## ACTIVITY
Beginning at the line that contains "insects, cockroach. Gray.", write out each remaining line of the entries below exactly as it stands.

[Web page caption snippets]
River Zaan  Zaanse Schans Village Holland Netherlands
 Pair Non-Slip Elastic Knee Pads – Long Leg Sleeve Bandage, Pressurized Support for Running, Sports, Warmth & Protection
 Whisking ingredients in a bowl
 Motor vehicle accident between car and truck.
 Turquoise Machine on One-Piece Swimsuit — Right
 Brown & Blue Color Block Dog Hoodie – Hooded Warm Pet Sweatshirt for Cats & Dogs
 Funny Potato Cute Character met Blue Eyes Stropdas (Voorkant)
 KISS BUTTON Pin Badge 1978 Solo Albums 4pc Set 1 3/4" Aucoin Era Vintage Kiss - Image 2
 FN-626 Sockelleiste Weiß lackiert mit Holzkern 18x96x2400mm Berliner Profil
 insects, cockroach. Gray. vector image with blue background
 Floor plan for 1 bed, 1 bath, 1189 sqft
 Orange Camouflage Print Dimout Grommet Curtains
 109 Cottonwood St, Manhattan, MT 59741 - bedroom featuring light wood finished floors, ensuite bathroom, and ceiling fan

## RESULT OF THIS EXERCISE
 insects, cockroach. Gray. vector image with blue background
 Floor plan for 1 bed, 1 bath, 1189 sqft
 Orange Camouflage Print Dimout Grommet Curtains
 109 Cottonwood St, Manhattan, MT 59741 - bedroom featuring light wood finished floors, ensuite bathroom, and ceiling fan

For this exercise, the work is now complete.